I have tried just about everything to get him to close his eyes, aside from tying my hands behind my back, standing on my head, while simultaneously doing air jumping jacks, but if that would work, I would do it. I have spent the night with him in his crib while I sleep and he tugs on my hair, ears, eyebrows, eyelids, and lips. I have listened to his shrieks for hours while my husband and I attempt to accomplish the dreaded ferberizing, also known as sleep training. I have strapped him in his car seat and driven around the block roughly 6,208 times. I have set him in the middle of the living room with every toy in our house and let him play. I have turned on the TV hoping it would hypnotize him to sleep. I have cuddled with him in my own bed. I have stripped him down and wrapped him in the softest of blankets. I have tried tough love. I have tried soft love. I have tried this. I have tried that. I have tried everything, and now I sound like Dr. Seuss.

The result: my son does not sleep.

There are moments when it is funny. There are moments when his complete, unwavering commitment to hating sleep is downright hilarious. When my husband and I look at each other and simply smile because we can’t wait to see what he will try next. There are also moments when I feel like I have fallen right off the sane wagon and plunged headfirst into crazy loon mom. I can see in my husband’s eyes how terrified he is that someday I will not find my way back from the pure, unadulterated and unhinged animal that I morphed into the night before.

I know that I am not alone, but I also know that in the loneliest hours of the night when my husband is sleeping so soundly he may as well be on another planet, I become entirely convinced that my baby is the only 8-month old who still screams on a nightly basis, similar to how I would if I were to be chased around by a clown holding cilantro (I hate clowns… and cilantro). I have prayed a lot of prayers in my day, but my desperate and heartfelt entreaties to God to just let my kid go back to sleep have no doubt become a bit repetitive.

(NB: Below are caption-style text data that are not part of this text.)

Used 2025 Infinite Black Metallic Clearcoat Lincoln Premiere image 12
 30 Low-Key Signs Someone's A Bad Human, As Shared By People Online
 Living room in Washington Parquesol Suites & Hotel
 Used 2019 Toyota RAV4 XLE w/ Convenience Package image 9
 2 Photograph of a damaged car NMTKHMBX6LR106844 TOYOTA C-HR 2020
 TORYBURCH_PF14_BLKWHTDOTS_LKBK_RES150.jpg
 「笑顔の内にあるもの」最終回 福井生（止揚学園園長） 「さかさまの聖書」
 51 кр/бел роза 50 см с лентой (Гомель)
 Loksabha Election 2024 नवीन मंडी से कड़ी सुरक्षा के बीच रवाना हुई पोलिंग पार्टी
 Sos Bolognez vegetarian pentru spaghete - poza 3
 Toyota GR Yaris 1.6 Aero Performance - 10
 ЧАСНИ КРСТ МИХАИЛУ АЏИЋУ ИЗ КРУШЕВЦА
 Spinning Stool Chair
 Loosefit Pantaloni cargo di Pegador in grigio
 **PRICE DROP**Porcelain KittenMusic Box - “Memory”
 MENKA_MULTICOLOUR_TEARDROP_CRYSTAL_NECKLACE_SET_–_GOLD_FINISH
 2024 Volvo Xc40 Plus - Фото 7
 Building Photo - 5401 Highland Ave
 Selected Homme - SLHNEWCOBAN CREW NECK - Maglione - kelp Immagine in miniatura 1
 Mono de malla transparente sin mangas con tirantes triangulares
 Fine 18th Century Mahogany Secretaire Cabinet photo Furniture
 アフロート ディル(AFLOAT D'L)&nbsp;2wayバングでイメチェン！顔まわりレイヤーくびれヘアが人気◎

In my small, human mind, it appears as though God never answers these prayers. My son always keeps screaming. It is usually during my 27th prayer of the night that I imagine God looking down on me with some Joker-type smile as he rubs his hands together and laughs like a hyena. He just never seems to hear me, so I never seem to sleep. However, on the night that I am fraying at every end, on the night that I can’t take one more second of my screaming son, God answers. He does not stop the screaming, but he provides me with a moment of clarity, a moment of peace. He reminds me that my son belongs to Him. Because of my precocious little boy, I never get to cuddle him. He is way too busy to bother with cuddles. Except, in the middle of the night, when all he wants is his mom to be awake with him, the cuddles are the best of the best. They are so good that when he does finally fall asleep, I have to force myself to do the same, because I would much rather stare into the face of the beautiful baby that God is giving me the opportunity to raise. This is when I can hear the whisper of my Lord and He is saying, “Tara, enjoy my gift.” That is His answer to my 27th prayer.